Member of the Laoag City Council
- In office 2018–2019

25th Governor of Ilocos Norte
- In office June 30, 2007 – June 30, 2010
- Vice Governor: Windell D. Chua
- Preceded by: Bongbong Marcos
- Succeeded by: Imee Marcos

4th President of the Philippine Olympic Committee
- In office 1981–1984
- Preceded by: Julian Malonso (provisional)
- Succeeded by: Jose Sering

Personal details
- Born: Michael Edward Marcos Keon September 22, 1954 (age 71) Rome, Italy
- Party: Independent (2021–present) Nacionalista (2018–2021) Lakas (before 2007; 2008–2010) KAMPI (2007–2008)
- Spouse: Simonette Soriano
- Relations: Marcos family
- Parent(s): Michael Keon Elizabeth Marcos
- Alma mater: University of the Philippines Diliman (BA)
- Known for: First Executive Director of Project Gintong Alay (1979–1986)

= Michael Marcos Keon =

Filipino politician

Michael Edward Marcos Keon (born September 22, 1954) is a Filipino politician. Keon is the son of Australian journalist Michael James Keon and Elizabeth E. Marcos-Keon, governor of Ilocos Norte from 1971 to 1983 and the nephew of former Philippine president Ferdinand Marcos.

His mother, the first female vice-governor and governor of Ilocos Norte, was the sister of former Philippine president Ferdinand Marcos. His father worked for the United Nations Food and Agricultural Organization and had a hand in setting up the International Rice Research Institute in Los Baños, Laguna. His father also joined the historic 10,000-km. "Long March" with Mao Zedong during the Chinese Communist Revolution, covering the monumental event for the Chicago Daily Tribune.

Before entering politics, Keon worked in the sports sector as director of the Gintong Alay program. This project was launched on October 31, 1979 and was intended to ensure the success of Philippine sports to promote and ultimately to achieve gold medals in international events.

== Political career ==

He served as provincial governor of Ilocos Norte from 2007-2010. He was preceded by cousin, Bongbong Marcos and was succeeded by Imee Marcos.

He initially planned to run as mayor of Laoag for 2013 elections but withdrew after Bongbong Marcos convinced him to withdraw his candidacy in favor of then-ABC President Chevylle V. Fariñas, wife of the then-outgoing Mayor Michael V. Fariñas.

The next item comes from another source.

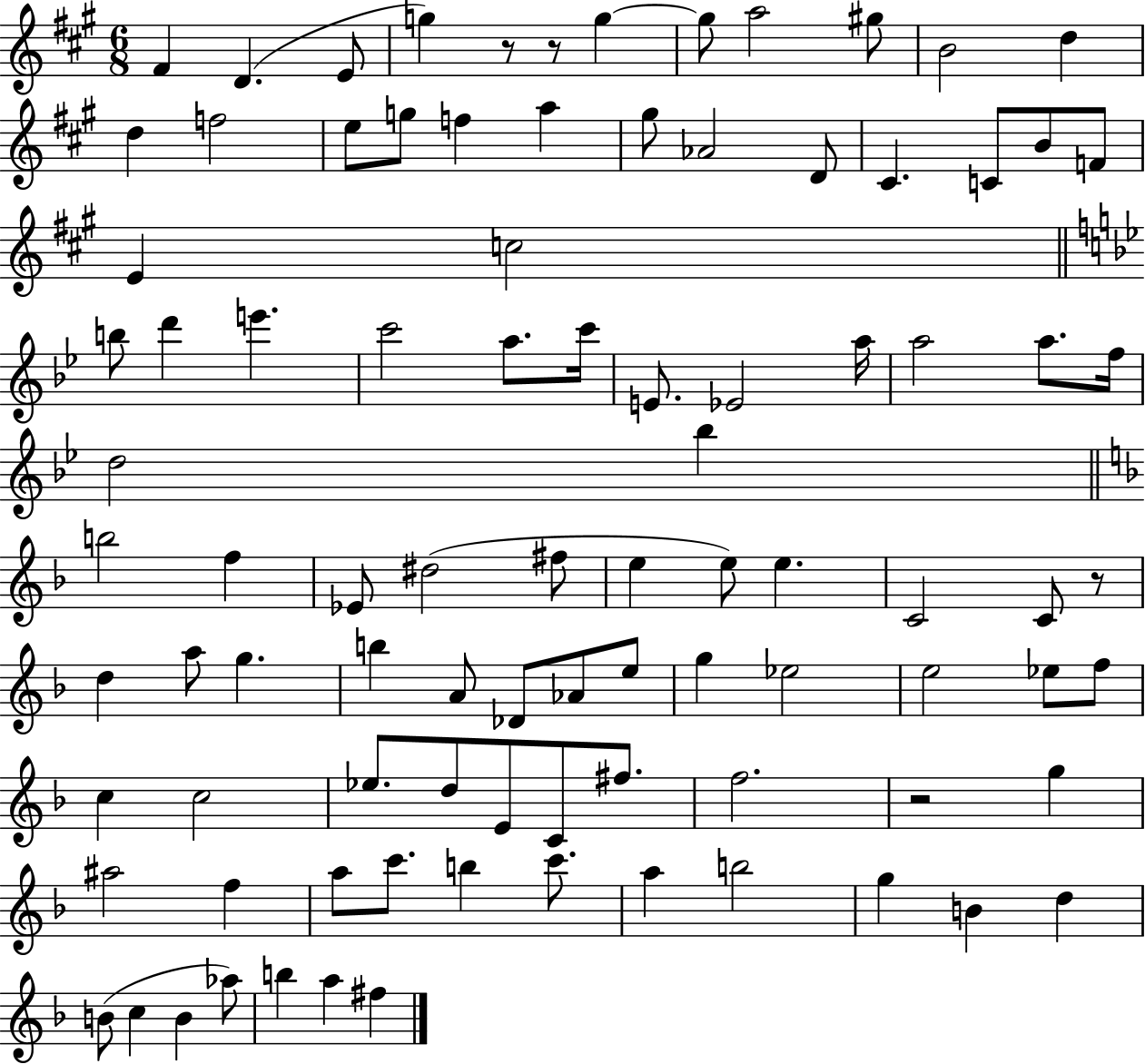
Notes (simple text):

In 2018, Keon was appointed by Ilocos Norte Governor Imee Marcos as Laoag City Councilor to fill in a vacant position in the Laoag City Council.

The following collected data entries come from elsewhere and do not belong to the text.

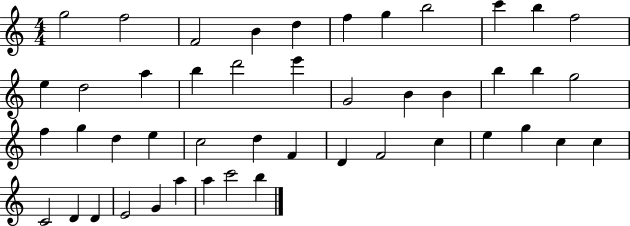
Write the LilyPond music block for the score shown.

{
  \clef treble
  \numericTimeSignature
  \time 4/4
  \key c \major
  g''2 f''2 | f'2 b'4 d''4 | f''4 g''4 b''2 | c'''4 b''4 f''2 | \break e''4 d''2 a''4 | b''4 d'''2 e'''4 | g'2 b'4 b'4 | b''4 b''4 g''2 | \break f''4 g''4 d''4 e''4 | c''2 d''4 f'4 | d'4 f'2 c''4 | e''4 g''4 c''4 c''4 | \break c'2 d'4 d'4 | e'2 g'4 a''4 | a''4 c'''2 b''4 | \bar "|."
}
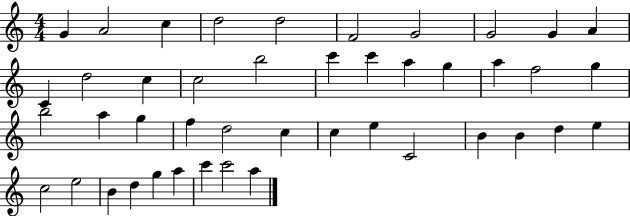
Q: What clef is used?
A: treble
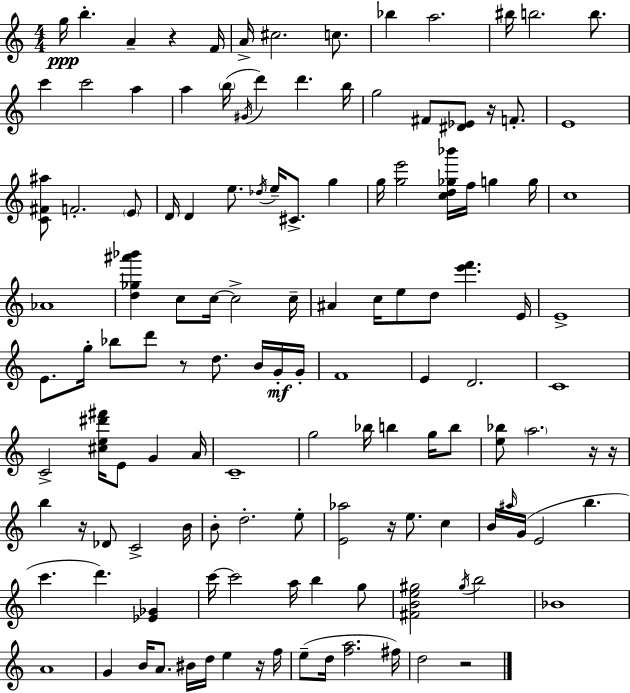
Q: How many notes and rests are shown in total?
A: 130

In 2019 elections, he again ran for the same position; this time with the support of the Marcos clan. He defeated the incumbent mayor Chevylle Fariñas. His victory signaled the end of decades-old rule of the Fariñas clan in the city. However, his subsequent reelection bids in 2022 and 2025 did not receive the support of the Marcoses, who endorsed other candidates instead. In the 2025 election, he lost to city councilor Bryan Alcid.